» **What to work on**
Which lines run from the line with "Apollon_food_in_Restaurant___Paleros" to the end of the entries? Write out exactly those, leaving out the pictures.

» **Material shown**
------------------------------------------------------------------------
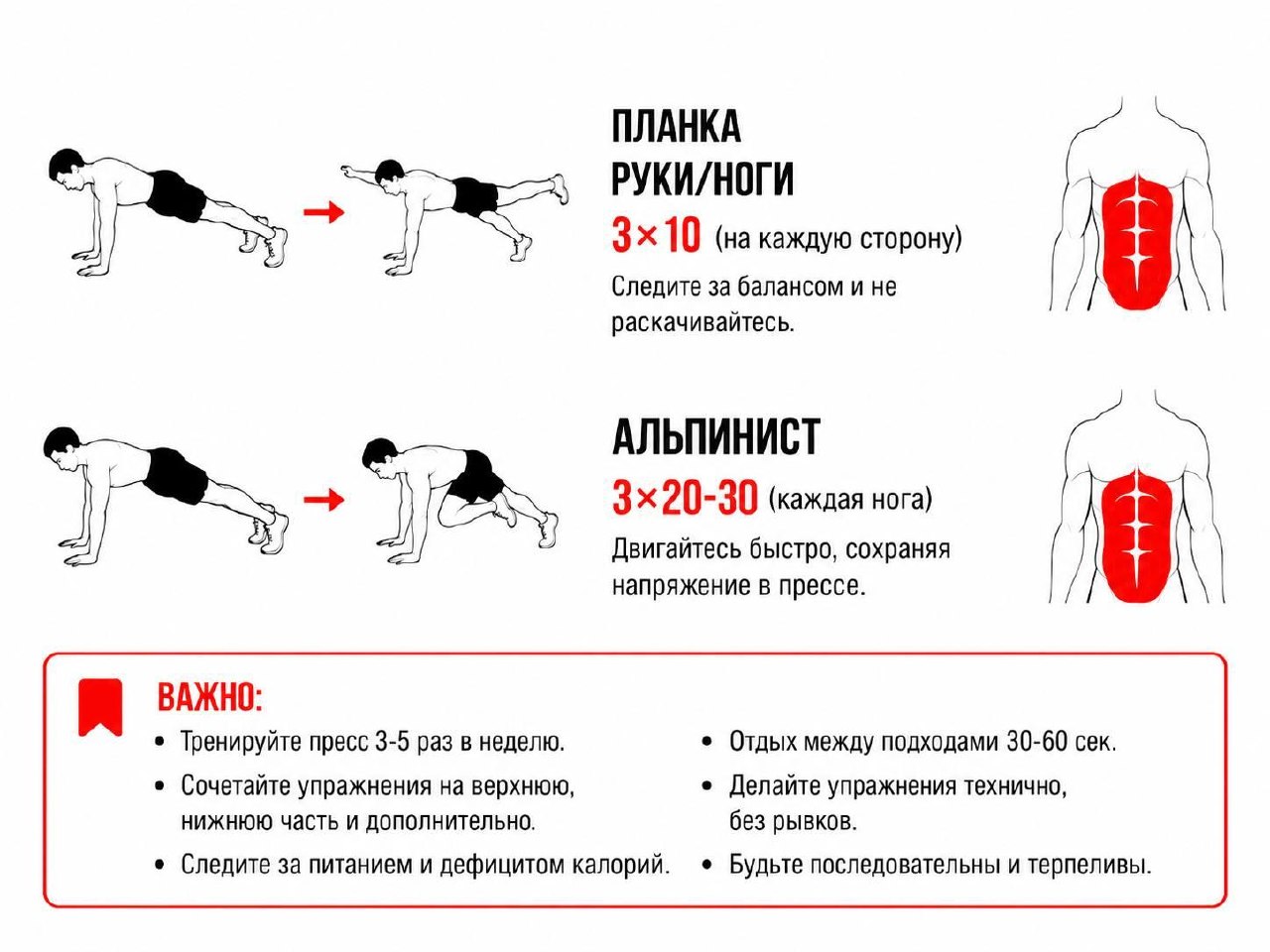 Комплекс из 12 упражнений для пресса за 30 дней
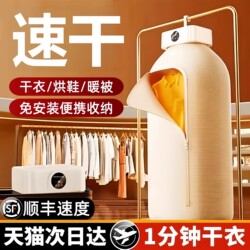 Dryer for Home Use, Small 2025 New Model, Portable Wardrobe-Style for Dormitories, Baby Clothes Disinfection Dryer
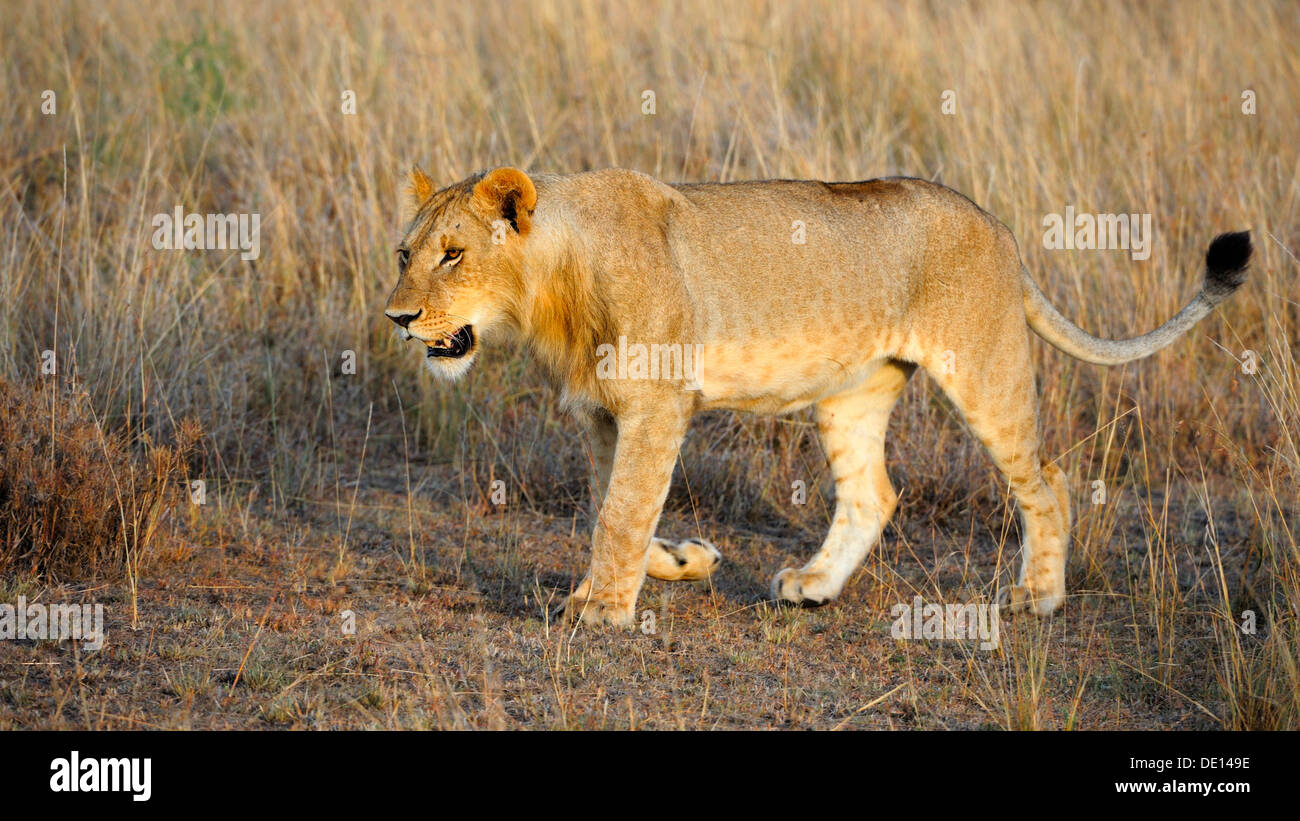 Lion (Panthera leo), giovane maschio nella luce del mattino, il Masai Mara riserva nazionale, Kenya, Africa Foto Stock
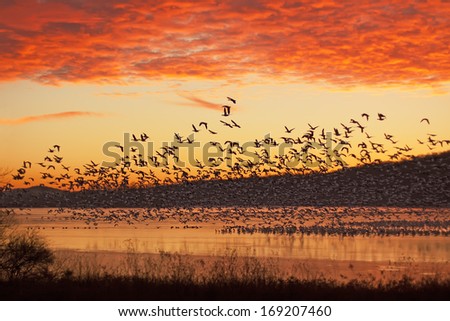 A flock of Snow Geese fly from a partly frozen lake at Middle Creek Wildlife Management Area in Lancaster County, Pennsylvania,USA.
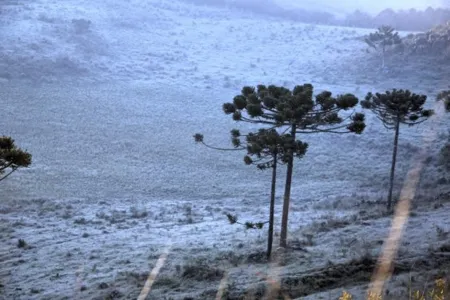 Meteorologistas dizem que pode haver neve e chuva congelada no estado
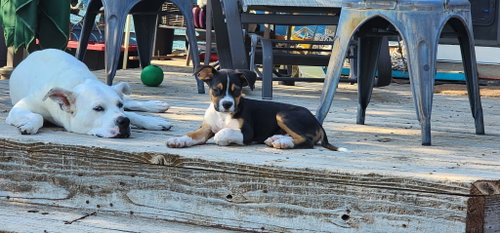 Swiper photo 3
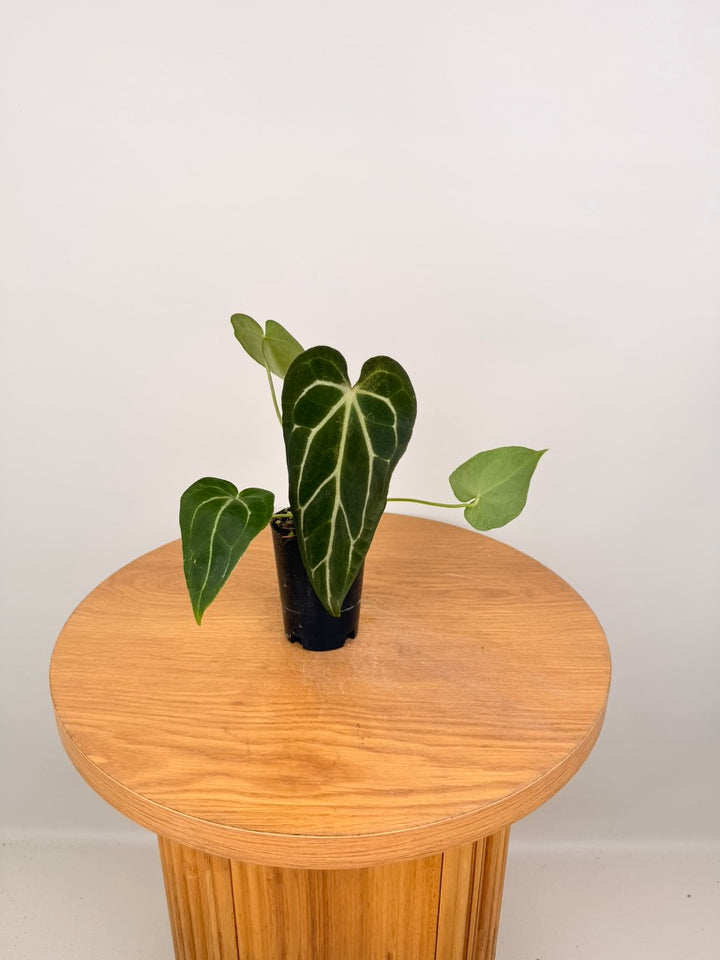 Anthurium Crystallinum X Anthurium NOID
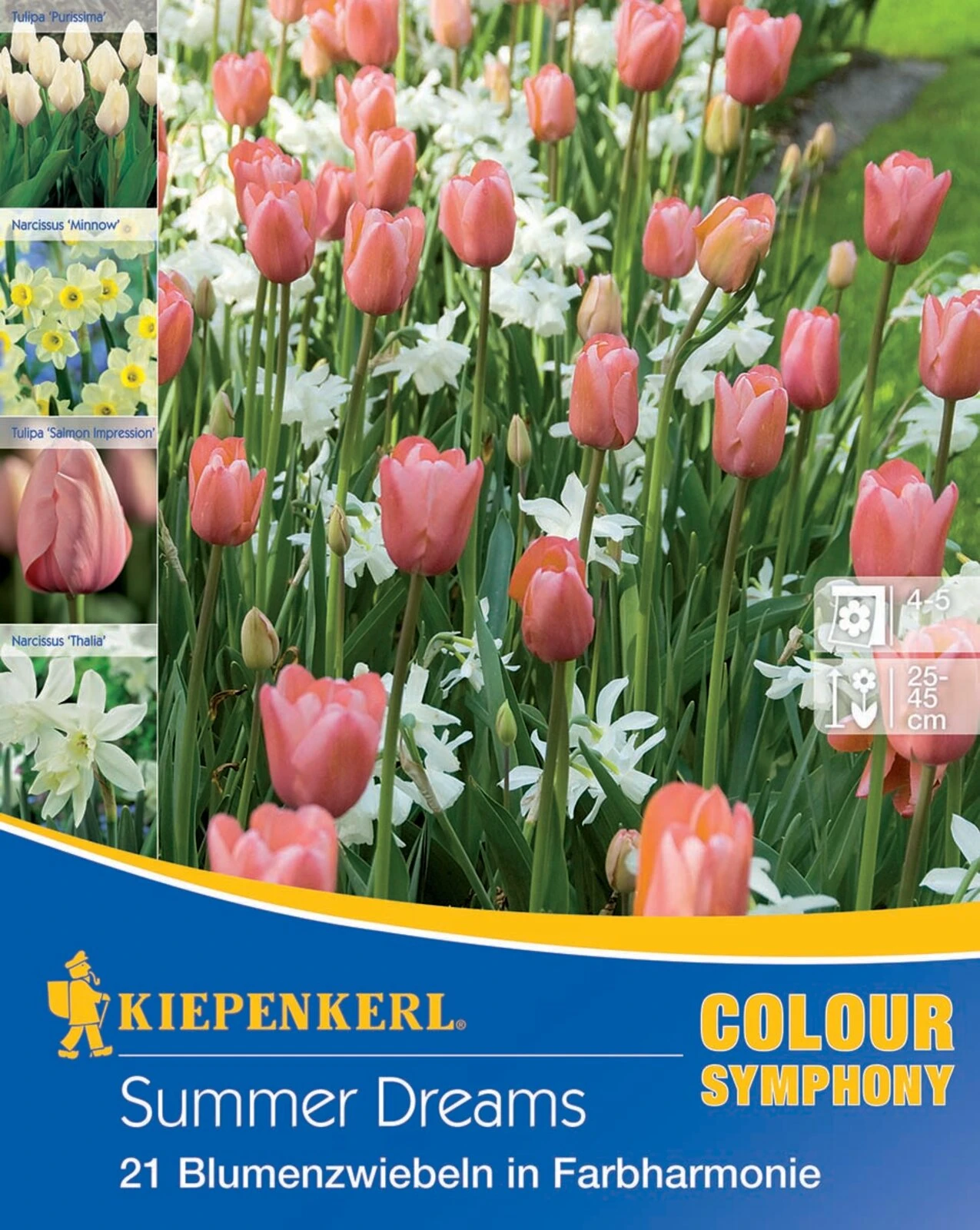 Colour Symphony Summer Dreams (21 Stück) | Blumenzwiebelmischungen Von Kiepenkerl 2 Colour Symphony Summer Dreams (21 Stück) | Blumenzwiebelmischungen Von Kiepenkerl – Bild 2
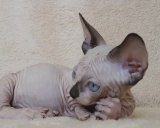 бамбино кошка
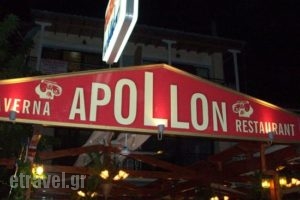 Apollon_food_in_Restaurant___Paleros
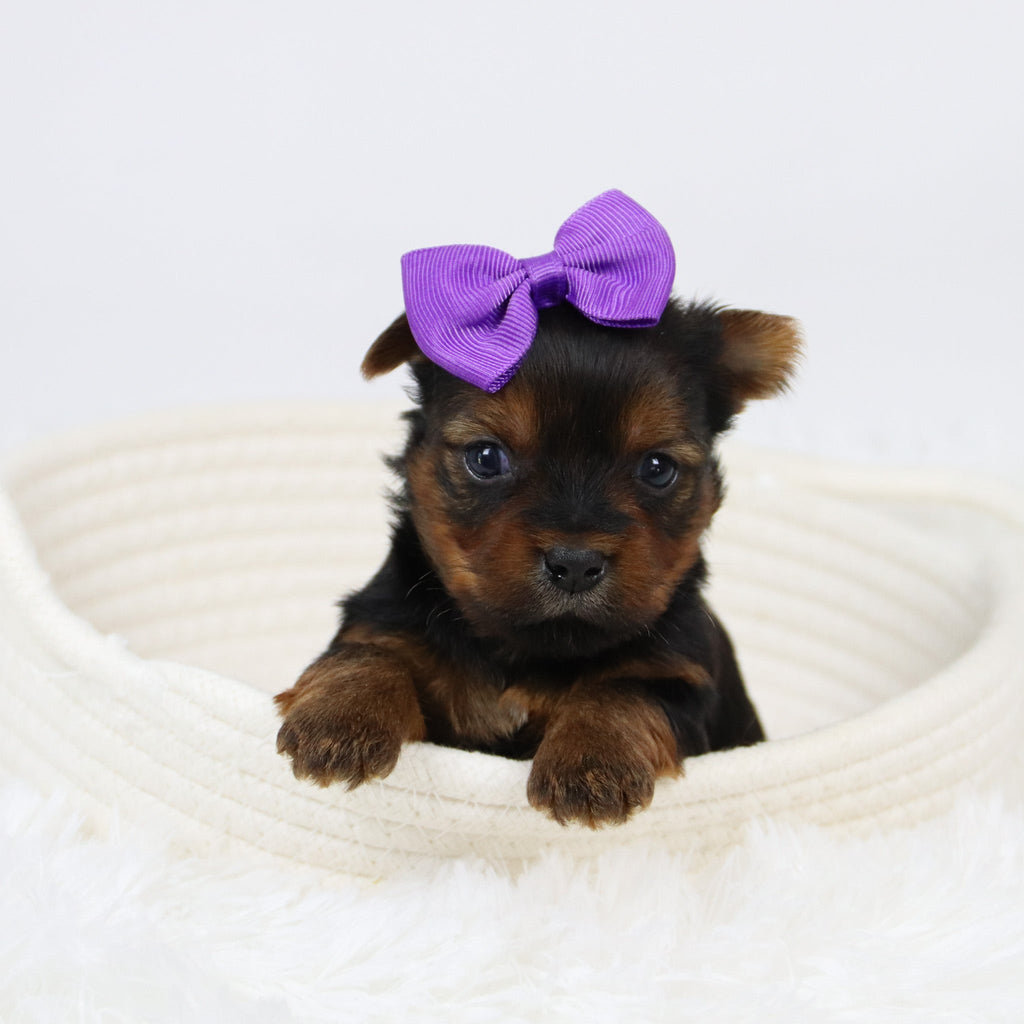 Cassandra - Available 12/10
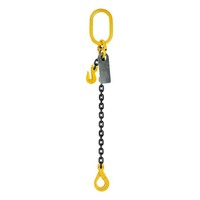 Austlift Grade 80 Chainsling 1Leg W/ Clevis Grab Shortner & Self Locking Hook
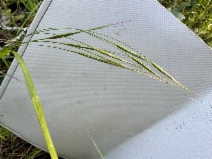 Bromus sterilis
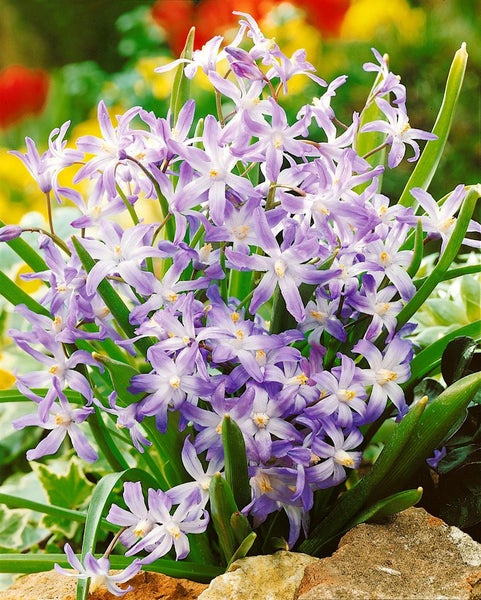 Chionodoxa luciliae, Schneeglanz, blau, ca. 9x9 cm Topf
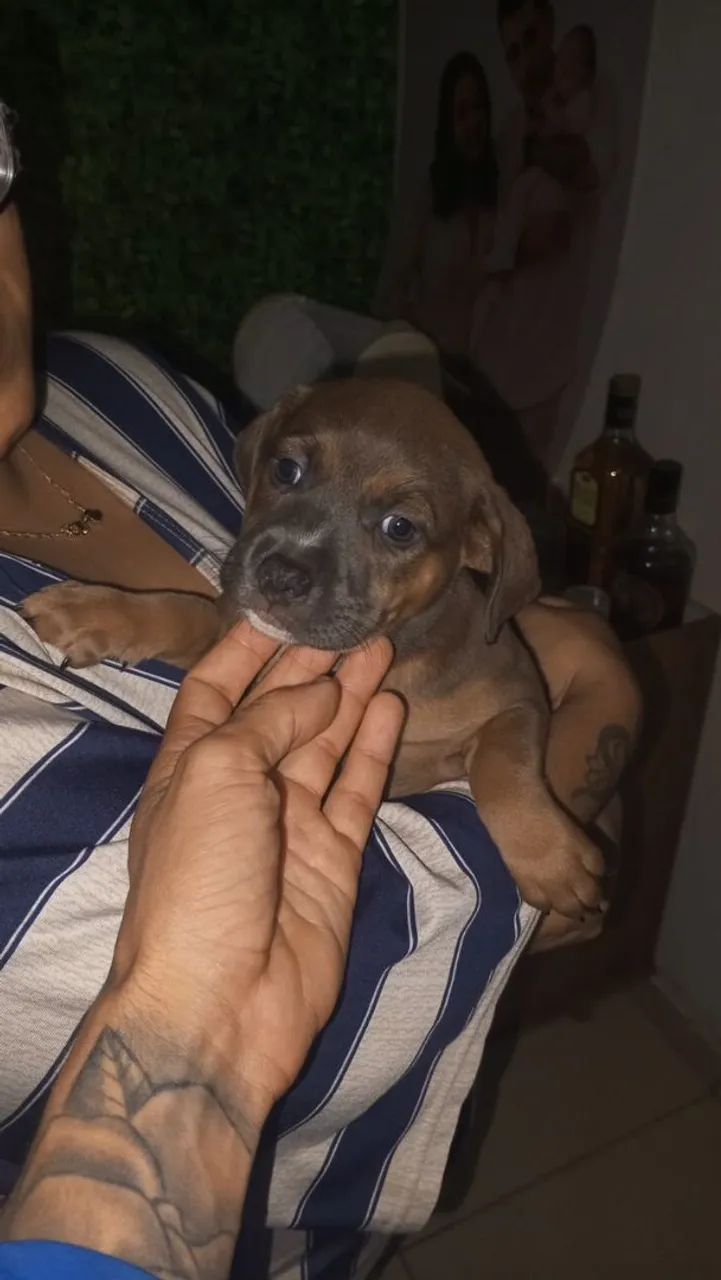 Pit bul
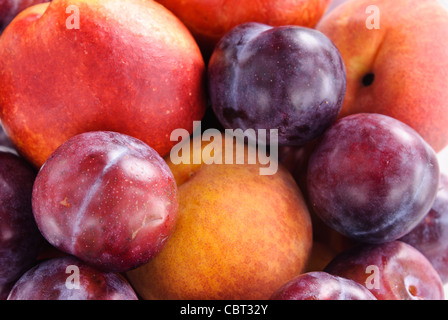 Massed plums, peaches, and nectarines Stock Photo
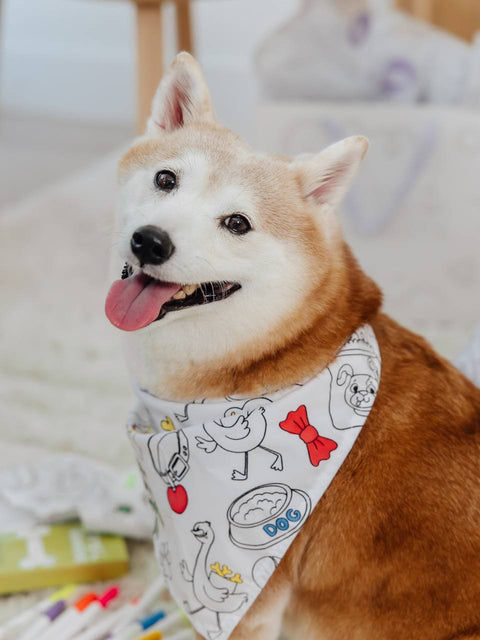 Coloring Dog Bandanas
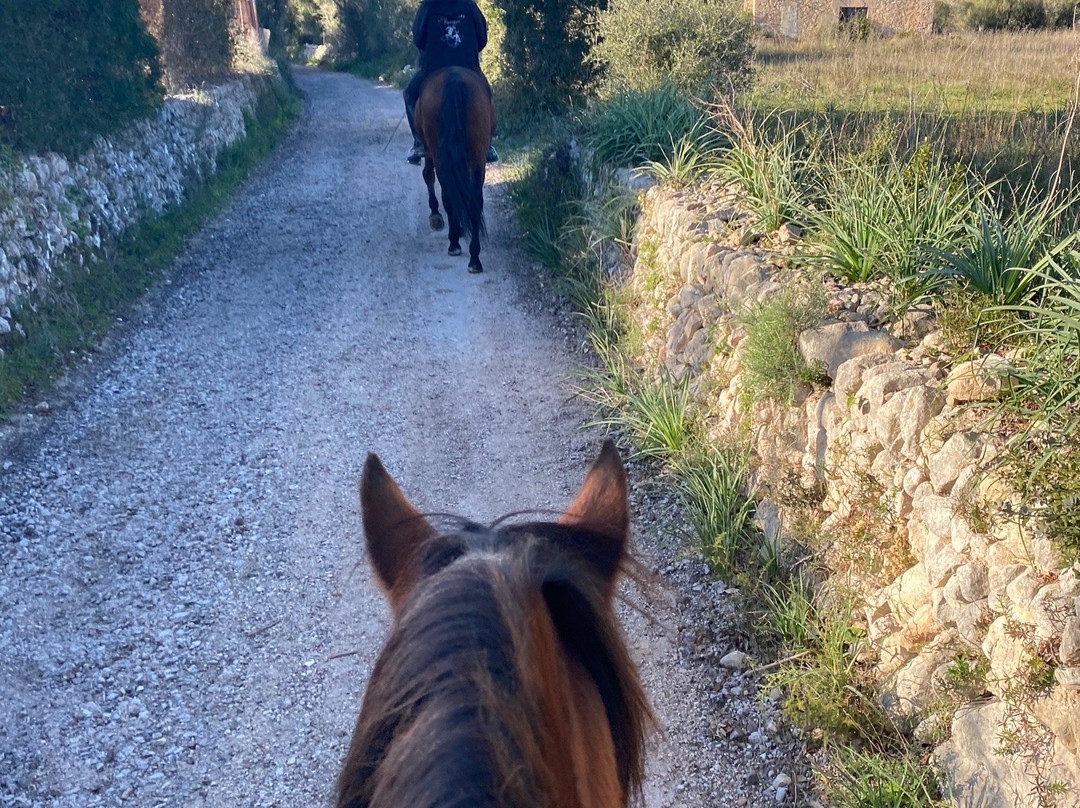Mallorca Horses景点图片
------------------------------------------------------------------------
» **Answer to this exercise**
 Apollon_food_in_Restaurant___Paleros
 Cassandra - Available 12/10
 Austlift Grade 80 Chainsling 1Leg W/ Clevis Grab Shortner & Self Locking Hook
 Bromus sterilis
 Chionodoxa luciliae, Schneeglanz, blau, ca. 9x9 cm Topf
 Pit bul
 Massed plums, peaches, and nectarines Stock Photo
 Coloring Dog Bandanas
Mallorca Horses景点图片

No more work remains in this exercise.